Petrobras’ (PBR) big share sale has killed the company’s price. Petrobras has the oil reserves, technology, and soon — the final piece – the money to begin a massive expansion of its offshore oil reserves. And its price is down 25%. From Canada’s Globe and Mail…
Brazilian state oil company Petrobras (PZE-N15.720.463.01%) will sell up to $64.5-billion in new stock – one of the largest in capital markets history – to raise funds for the world’s biggest oil exploration investment plan.
The company will offer 1.59 billion new preferred shares and 2.17 billion new common shares, Petrobras said in a statement published in Valor Economico newspaper, for an operation that includes a $43-billion state-backed oil-for-shares swap.
At Thursday’s closing price for the stocks, the company would raise 67.8 billion reais ($39.2-billion) from the sale of common shares and another 43.8 billion reais ($25.4-billion) from the preferred shares, making it one of the world’s largest- ever stock offerings.
Petrobras expects to begin bookbuilding Sept. 3, and price the share sale on Sept. 23.
The plan has become the financial cornerstone of the company’s $224-billion five-year investment plan meant to turn Brazil into a major oil exporter by tapping oil buried deep under the ocean floor in a region known as the subsalt.

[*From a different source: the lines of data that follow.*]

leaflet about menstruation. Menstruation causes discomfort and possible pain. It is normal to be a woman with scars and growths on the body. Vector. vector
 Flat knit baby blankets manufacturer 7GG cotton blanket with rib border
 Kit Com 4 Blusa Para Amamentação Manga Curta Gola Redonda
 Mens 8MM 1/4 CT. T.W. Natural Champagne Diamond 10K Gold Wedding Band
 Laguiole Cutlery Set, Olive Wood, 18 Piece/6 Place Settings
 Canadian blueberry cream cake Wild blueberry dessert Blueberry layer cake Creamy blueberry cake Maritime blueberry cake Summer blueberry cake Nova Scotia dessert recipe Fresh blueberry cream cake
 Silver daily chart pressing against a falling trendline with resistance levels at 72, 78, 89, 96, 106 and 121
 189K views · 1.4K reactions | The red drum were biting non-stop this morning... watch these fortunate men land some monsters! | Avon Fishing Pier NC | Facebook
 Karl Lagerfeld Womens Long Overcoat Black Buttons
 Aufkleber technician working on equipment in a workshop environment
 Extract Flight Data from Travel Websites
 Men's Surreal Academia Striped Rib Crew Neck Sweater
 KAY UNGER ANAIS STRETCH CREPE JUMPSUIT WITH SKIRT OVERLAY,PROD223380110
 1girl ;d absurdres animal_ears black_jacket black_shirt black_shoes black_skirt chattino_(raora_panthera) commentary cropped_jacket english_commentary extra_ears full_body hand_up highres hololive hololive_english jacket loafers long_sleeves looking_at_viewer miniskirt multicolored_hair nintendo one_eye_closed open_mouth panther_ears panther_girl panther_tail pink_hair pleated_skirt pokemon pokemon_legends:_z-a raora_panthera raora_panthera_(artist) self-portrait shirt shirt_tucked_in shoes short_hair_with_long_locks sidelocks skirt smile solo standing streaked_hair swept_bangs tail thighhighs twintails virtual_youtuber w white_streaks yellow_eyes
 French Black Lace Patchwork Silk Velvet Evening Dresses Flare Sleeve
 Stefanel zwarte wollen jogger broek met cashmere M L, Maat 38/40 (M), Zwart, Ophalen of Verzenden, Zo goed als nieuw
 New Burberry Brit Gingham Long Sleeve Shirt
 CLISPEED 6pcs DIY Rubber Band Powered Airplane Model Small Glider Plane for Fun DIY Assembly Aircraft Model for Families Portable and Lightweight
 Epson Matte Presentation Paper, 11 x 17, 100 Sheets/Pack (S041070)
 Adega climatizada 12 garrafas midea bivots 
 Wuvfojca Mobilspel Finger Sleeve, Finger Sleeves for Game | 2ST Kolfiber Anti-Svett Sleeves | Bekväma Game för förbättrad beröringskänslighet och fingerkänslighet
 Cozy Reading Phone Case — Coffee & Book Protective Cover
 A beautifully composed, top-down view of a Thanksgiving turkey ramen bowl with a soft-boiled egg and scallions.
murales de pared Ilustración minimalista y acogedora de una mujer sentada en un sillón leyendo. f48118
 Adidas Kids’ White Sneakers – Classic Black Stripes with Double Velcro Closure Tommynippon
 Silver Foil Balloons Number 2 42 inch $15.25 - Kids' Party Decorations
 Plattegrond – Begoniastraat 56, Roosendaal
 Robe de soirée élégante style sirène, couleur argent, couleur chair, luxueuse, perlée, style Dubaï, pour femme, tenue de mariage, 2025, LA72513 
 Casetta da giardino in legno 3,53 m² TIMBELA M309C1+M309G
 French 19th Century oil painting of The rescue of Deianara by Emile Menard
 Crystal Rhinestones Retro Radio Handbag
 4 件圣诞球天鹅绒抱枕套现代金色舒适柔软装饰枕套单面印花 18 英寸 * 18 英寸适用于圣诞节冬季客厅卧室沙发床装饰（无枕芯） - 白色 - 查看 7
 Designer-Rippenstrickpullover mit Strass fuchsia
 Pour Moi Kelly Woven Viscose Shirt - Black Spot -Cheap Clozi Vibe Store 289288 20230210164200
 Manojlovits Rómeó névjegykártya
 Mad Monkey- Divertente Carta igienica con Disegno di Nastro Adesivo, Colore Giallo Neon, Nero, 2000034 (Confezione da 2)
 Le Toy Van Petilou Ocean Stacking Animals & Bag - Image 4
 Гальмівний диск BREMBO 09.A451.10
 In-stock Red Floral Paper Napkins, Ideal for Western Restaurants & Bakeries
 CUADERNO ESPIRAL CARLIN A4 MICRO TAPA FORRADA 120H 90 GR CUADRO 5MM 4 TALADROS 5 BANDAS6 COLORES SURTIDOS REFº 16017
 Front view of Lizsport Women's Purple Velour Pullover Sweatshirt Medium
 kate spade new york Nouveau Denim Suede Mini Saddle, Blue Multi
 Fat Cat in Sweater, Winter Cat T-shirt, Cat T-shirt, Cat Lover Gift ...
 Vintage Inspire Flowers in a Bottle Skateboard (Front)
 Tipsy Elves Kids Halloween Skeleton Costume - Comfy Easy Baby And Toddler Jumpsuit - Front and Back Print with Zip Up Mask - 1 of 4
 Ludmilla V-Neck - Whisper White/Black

The company faces skepticism by investors who have questioned the high price for the oil reserves to be used in the state-backed oil-for-shares swap arrangement, which has sparked fears Petrobras may be overpaying for the assets and diluting shares.
Under the terms of the $43-billion oil-for-shares swap, Petrobras said on Wednesday it agreed to exchange part of the stock to be issued for development rights to 5 billion barrels of offshore oil at a price of $8.51 per barrel – far above the $5 to $6 per barrel that markets saw as fair.
The swap will endow Petrobras’ assets with valuable oil reserves.
If you’re ever going to buy into Petrobras, now would be the time. It’s not the perfect oil company (if there is such a thing). But it has the one thing most oil majors lack: big oil reserves which are growing.